We got to return to the wheat field yesterday afternoon, finishing the Downen farm and beginning at the Huey farm.  The yields are pretty good, but the harvesting is slowed because the straw is a little green and damp.  This makes it hard for the combine to ‘digest’, and makes us drive more slowly than if the straw were dry.  Even so, we are putting beautiful, high-quality grain in the combine tank.  The test weight (a measure of the density) is quite high, and the grain sample is free of stems, hulls or other straw debris.  We are pleased and grateful for the wheat crop, even if it is a little harder than usual to bring in.  We are about 30% through the crop.

On Friday and Saturday evenings, we were driven from the wheat field by rain.  Especially last evening, about 7pm, the sky was so threatening, we shut down in advance of the rain.
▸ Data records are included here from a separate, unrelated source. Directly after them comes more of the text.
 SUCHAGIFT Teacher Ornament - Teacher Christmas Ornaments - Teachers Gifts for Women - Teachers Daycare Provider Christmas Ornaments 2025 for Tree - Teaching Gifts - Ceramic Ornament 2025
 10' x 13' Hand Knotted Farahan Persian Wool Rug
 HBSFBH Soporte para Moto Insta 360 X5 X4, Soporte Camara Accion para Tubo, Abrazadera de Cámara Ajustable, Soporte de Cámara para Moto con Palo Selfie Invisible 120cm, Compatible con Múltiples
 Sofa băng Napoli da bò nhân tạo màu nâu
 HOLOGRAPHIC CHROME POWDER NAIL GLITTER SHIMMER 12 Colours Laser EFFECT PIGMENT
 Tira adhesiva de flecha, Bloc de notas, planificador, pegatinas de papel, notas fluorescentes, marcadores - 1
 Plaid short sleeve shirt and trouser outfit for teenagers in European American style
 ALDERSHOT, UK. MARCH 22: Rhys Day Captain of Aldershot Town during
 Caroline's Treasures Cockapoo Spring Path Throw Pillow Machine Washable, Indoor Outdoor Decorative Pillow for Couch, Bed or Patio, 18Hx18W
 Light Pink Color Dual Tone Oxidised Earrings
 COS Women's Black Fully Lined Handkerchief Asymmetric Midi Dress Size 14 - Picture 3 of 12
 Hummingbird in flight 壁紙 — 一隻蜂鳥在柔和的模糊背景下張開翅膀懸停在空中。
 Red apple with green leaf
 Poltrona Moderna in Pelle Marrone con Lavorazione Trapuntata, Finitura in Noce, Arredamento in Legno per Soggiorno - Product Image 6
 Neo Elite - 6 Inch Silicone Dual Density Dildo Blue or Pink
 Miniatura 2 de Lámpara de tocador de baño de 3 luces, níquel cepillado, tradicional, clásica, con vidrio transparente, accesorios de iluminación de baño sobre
When we arrived at home we discovered that it had rained .9″ (22mm) just ahead of our return.  We don’t think that it rained nearly that much at the Huey farm where we were working, so maybe we can return to harvest this afternoon.

Yvertin got to drive the combine a bit yesterday, and demonstrated that he had much experience in the driver’s seat.  Like anyone else, he appreciated the AutoTrac feature.  Some of the controls in our JD 9770 were a bit different from what he was accustomed to back home, but he adapted very quickly.


Yvertin also drove the tractor and grain cart to shuttle between the moving combines and the trucks.  He was especially handy, because we were a little short-handed on truck drivers yesterday.  It’s a good thing that Ben is experienced in many things, for he had to move from grain cart to truck driver.   With Brandon also trucking, they could have enough trucks at the field to keep the combines rolling.  John remains mostly at the farm, supervising the operation of the grain dryer, for the wheat is coming in above the required 13% moisture–at about 18%.  John is developing some considerable expertise with the one-year-old GSI 2326 X-Stream dryer.

Here is a view from the combine seat.  You can see beautiful wheat going into the grain cart, which, in turn, is going into one of the semis.  Storm clouds are gathering in the skies beyond.

Here is a view from the combine seat. You can see beautiful wheat going into the grain cart, which, in turn, is going into one of the semis. Storm clouds are gathering in the skies beyond.

The wheat we produce is typical for Indiana.  It is soft red winter wheat, that makes very rich flour, more suitable for pastries and cakes than for bread.  It can also be used, when economically comparable, as a substitute for corn in animal feed rations.  When you enjoy your next slice of cake, please consider that your tasty treat may have originated right here in southern Indiana!

We are not spreading the straw behind the combines.  We moved our spreading systems out of the way on each combine and we are leaving the straw in ‘windrows’.  In this way, our neighbor, Tom Loudermilk, can use his baler to roll up big bales of straw.  This gives us a little more income, but the best benefit is that it improves the performance of the soybean planter to penetrate into the soil.  But the straw windrows will need some days to completely dry in the sun before Tom can roll it into those big, round bales.